## Work instruction
Set down, please, exactly the lines below that run from the line with "and treatment 126805294" to the line with "expresses agreement 57036043", both lines included.

══════════════════════════════

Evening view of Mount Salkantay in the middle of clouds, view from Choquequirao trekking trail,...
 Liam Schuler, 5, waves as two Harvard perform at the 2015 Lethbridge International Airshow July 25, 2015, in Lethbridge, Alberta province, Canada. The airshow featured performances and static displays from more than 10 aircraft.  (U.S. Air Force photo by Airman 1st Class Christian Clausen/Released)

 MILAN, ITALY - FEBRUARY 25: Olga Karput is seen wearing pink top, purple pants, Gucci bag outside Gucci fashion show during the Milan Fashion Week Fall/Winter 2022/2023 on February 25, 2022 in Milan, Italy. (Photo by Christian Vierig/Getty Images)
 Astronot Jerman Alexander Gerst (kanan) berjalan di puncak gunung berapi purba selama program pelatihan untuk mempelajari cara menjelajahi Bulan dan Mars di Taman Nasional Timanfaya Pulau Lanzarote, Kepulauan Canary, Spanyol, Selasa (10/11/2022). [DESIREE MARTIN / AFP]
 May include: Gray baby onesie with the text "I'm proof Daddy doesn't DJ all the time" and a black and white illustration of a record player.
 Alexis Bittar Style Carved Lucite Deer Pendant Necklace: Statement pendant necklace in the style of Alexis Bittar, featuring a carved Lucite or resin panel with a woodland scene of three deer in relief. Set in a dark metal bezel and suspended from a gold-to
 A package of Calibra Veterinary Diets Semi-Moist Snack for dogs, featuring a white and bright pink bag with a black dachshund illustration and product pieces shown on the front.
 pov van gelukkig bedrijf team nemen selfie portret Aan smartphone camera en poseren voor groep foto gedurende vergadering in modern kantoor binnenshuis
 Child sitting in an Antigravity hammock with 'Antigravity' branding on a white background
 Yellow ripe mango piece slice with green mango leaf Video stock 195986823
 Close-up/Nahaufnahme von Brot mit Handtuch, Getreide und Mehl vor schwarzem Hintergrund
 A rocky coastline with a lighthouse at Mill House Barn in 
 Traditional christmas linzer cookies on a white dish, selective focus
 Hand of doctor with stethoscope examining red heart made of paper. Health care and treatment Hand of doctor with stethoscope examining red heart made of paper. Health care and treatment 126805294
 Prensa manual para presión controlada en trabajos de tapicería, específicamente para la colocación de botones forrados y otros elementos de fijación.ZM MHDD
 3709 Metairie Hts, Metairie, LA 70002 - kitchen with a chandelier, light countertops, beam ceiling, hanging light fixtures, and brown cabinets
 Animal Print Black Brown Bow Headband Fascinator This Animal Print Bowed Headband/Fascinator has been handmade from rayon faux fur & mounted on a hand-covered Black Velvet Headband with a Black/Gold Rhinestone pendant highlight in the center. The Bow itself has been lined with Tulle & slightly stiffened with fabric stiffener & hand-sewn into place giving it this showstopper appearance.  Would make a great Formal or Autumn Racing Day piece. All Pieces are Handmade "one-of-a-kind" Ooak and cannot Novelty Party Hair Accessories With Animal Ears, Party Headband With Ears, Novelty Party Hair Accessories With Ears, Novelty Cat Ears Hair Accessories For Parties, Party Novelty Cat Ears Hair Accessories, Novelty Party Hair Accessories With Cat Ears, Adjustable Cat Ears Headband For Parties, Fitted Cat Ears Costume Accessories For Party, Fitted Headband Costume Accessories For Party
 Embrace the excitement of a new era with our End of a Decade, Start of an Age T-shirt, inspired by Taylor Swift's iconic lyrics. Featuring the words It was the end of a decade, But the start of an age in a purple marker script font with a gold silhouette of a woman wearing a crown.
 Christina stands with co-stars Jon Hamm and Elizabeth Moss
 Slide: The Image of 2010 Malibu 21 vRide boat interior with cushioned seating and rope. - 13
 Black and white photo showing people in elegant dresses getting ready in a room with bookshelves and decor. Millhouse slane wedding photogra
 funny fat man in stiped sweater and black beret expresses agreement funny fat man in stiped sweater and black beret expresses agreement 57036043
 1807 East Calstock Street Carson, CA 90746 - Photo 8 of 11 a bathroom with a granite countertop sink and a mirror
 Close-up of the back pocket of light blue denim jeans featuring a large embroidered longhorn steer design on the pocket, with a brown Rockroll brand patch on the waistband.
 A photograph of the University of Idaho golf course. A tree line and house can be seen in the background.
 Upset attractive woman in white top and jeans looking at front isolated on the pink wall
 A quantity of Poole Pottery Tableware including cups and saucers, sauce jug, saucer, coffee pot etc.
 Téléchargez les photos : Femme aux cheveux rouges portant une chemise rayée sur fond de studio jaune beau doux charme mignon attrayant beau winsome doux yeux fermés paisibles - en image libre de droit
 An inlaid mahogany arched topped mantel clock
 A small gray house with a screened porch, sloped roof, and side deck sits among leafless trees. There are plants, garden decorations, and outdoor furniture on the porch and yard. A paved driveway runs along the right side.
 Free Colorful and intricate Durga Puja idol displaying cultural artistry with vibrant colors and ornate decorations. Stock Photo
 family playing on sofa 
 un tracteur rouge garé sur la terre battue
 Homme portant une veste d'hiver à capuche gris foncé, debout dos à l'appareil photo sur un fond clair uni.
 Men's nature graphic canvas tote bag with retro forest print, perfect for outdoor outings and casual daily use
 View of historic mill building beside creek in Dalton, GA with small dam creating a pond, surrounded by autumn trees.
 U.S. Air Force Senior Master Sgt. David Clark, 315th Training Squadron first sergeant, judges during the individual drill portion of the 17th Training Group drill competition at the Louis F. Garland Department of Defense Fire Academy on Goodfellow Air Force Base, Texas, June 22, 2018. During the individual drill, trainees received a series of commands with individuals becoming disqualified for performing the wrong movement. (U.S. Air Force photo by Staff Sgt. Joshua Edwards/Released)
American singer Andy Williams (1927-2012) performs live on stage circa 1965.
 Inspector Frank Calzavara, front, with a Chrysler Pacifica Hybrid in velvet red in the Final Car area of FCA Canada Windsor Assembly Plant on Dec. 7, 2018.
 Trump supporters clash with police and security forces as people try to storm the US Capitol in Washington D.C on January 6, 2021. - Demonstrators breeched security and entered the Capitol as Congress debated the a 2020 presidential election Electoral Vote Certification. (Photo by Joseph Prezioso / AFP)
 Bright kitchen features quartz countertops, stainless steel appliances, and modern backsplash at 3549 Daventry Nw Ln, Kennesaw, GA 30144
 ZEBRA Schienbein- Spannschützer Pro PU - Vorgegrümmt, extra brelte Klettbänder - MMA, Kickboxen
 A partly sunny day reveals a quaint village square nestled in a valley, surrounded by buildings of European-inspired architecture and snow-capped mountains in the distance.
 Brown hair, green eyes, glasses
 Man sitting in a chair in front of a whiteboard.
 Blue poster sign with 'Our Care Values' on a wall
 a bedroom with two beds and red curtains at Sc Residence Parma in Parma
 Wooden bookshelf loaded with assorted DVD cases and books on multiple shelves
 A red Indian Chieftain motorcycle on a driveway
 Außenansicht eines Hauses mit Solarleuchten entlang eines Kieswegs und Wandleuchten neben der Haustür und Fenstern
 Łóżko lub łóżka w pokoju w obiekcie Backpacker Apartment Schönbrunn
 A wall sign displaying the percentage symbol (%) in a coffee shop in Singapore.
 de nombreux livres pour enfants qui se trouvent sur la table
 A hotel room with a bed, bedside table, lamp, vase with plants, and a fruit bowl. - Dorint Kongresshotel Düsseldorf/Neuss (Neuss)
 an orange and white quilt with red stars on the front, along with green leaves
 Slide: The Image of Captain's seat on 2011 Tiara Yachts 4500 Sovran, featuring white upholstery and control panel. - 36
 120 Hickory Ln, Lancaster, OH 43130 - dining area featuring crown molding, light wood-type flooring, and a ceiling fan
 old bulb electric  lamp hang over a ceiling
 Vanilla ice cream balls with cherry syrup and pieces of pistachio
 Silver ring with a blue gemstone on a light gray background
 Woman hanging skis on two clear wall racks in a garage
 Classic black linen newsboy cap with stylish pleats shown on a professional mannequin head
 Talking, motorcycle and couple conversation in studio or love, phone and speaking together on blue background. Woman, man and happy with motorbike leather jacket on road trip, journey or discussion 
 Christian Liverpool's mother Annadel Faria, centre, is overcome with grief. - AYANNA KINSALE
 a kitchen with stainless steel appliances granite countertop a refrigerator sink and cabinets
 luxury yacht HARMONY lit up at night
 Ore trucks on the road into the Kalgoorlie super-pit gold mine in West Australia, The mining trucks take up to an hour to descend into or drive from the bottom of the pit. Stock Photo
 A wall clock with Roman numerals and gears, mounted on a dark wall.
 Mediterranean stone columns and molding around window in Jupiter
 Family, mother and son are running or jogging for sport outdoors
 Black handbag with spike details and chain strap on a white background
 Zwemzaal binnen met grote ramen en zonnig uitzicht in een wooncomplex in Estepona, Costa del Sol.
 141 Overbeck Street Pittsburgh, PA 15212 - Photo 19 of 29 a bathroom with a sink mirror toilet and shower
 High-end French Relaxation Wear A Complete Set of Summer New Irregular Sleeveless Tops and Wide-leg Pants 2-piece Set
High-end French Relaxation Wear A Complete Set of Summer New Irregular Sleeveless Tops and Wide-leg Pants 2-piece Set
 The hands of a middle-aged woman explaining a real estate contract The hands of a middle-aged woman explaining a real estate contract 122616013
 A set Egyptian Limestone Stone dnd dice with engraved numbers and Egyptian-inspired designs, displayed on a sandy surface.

══════════════════════════════

## The answer
 Hand of doctor with stethoscope examining red heart made of paper. Health care and treatment Hand of doctor with stethoscope examining red heart made of paper. Health care and treatment 126805294
 Prensa manual para presión controlada en trabajos de tapicería, específicamente para la colocación de botones forrados y otros elementos de fijación.ZM MHDD
 3709 Metairie Hts, Metairie, LA 70002 - kitchen with a chandelier, light countertops, beam ceiling, hanging light fixtures, and brown cabinets
 Animal Print Black Brown Bow Headband Fascinator This Animal Print Bowed Headband/Fascinator has been handmade from rayon faux fur & mounted on a hand-covered Black Velvet Headband with a Black/Gold Rhinestone pendant highlight in the center. The Bow itself has been lined with Tulle & slightly stiffened with fabric stiffener & hand-sewn into place giving it this showstopper appearance.  Would make a great Formal or Autumn Racing Day piece. All Pieces are Handmade "one-of-a-kind" Ooak and cannot Novelty Party Hair Accessories With Animal Ears, Party Headband With Ears, Novelty Party Hair Accessories With Ears, Novelty Cat Ears Hair Accessories For Parties, Party Novelty Cat Ears Hair Accessories, Novelty Party Hair Accessories With Cat Ears, Adjustable Cat Ears Headband For Parties, Fitted Cat Ears Costume Accessories For Party, Fitted Headband Costume Accessories For Party
 Embrace the excitement of a new era with our End of a Decade, Start of an Age T-shirt, inspired by Taylor Swift's iconic lyrics. Featuring the words It was the end of a decade, But the start of an age in a purple marker script font with a gold silhouette of a woman wearing a crown.
 Christina stands with co-stars Jon Hamm and Elizabeth Moss
 Slide: The Image of 2010 Malibu 21 vRide boat interior with cushioned seating and rope. - 13
 Black and white photo showing people in elegant dresses getting ready in a room with bookshelves and decor. Millhouse slane wedding photogra
 funny fat man in stiped sweater and black beret expresses agreement funny fat man in stiped sweater and black beret expresses agreement 57036043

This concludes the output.